Revisiting W.E.B. Du Bois’ 1920s magazine for Black children today

Kieron Lewis designed the New Brownies’ Book, by Karida L Brown and Charly Palmer, mixing century-old content with new writing and art to inspire a new generation of Black families.

Among the many achievements of civil rights activist and sociologist W.E.B. Du Bois is a now-little-known publication, The Brownies’ Book, the first ever magazine aimed at African American children and youth, filled with empowering stories of Black role models, information and advice.

Published for just two years between January 1920 and December 1921, coinciding with the start of the Harlem Renaissance (a blossoming of African American culture, politics and scholarship centred in the New York neighbourhood), the groundbreaking monthly magazine has largely faded from public memory 100 years later. But a new publication from US-based Chronicle books aims to commemorate its mission and revisit it for Black children and families today.

The two authors of The New Brownies’ Book are wife and husband team Dr Karida L. Brown and Charly Palmer, a scholar and artist respectively.

Freelance graphic designer Kieron Lewis explains that he was brought in to design the book off the back of another publication he worked on, Still Breathing: 100 Black Voices on Racism, 100 Ways to Change the Narrative, published by Harper Collins in 2021.

Like the original Brownies’ Book, which looked to inspire and empower young children in a largely racist world, Lewis has designed the new book to “inspire this generation of young Black families”.

Cover of The Brownies’ Book, published by DuBois and Dill, 1920-1921. Retrieved from the Library of Congress.

Featuring more than 50 new Black writers and artists “you’ve got a mixture of poems, essays and some awesome artwork”, all looking at “sharing Black history and celebrating identity”, Lewis says.

Rather than a magazine, the new publication takes the form of a 208-page hardback. Reflecting the importance of the content within, the briefing clearly set out that “the book’s going to carry weight. It’s going to stand the test of time”, Lewis says.

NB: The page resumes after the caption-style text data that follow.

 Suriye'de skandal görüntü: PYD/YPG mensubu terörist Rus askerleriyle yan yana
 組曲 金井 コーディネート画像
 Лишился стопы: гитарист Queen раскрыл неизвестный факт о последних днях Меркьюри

He continues: “It’s going to be something that my four-month-old, when she is in her 40s, could read to children of her own. It’s one of those books that carries on.”

Lewis decided to work with a clean design using a white background and text in a two-column grid, to best combine with visual content ranging from a collaged image of wartime letters and photographs of college students to new artworks from screen prints to calligraphy. Body copy uses Baskerville, while titles and inset quotes use Brandon Grotesque, in a colour to match the visuals.

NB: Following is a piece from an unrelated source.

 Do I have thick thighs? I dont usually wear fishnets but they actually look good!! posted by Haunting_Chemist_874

Chapter double-page spreads are full colour, with a slight texture and gradient in reference to the “grainy” feel of the scanned-in 1920s material, with type kept small and in the right-hand lower corner.

“My job is to visually articulate what the authors are trying to get across”, he says. “I get given the text and the imagery and I do my best to make it look as digestible and as beautiful as possible.”

While there was “lots of beautiful imagery” to work with, Lewis explains that the chosen cover image of a young black girl in a ballet dress not only echoes an archive Brownies’ Book cover, but also shows “confidence and elegance, which is the takeaway you would get when you read the book”, he says. Lewis chose to flip the image “so she’s looking inwards into the book, in the direction of how your hand would open the book” – which is both inviting and what he describes as an “Easter egg” detail.

Along the spine and left-hand side is a strip of gold foiling, with lightly embossed type featuring the book’s title, subtitle and a tribute to W.E.B Dubois and the original publication, using Recia Serif Display in bold, Brandon Grotesque in bold and Amarante in regular respectively.

Lewis adds that while working remotely in the UK with the authors in the US, as Black scholars and creatives there was a shared determination to create a book that’s “not just a publication, it’s something that is more for the community.”

The New Brownies Book: A love letter to black families is now out in the US and will be published in the UK on 21 December 2023 by Chronicle Books.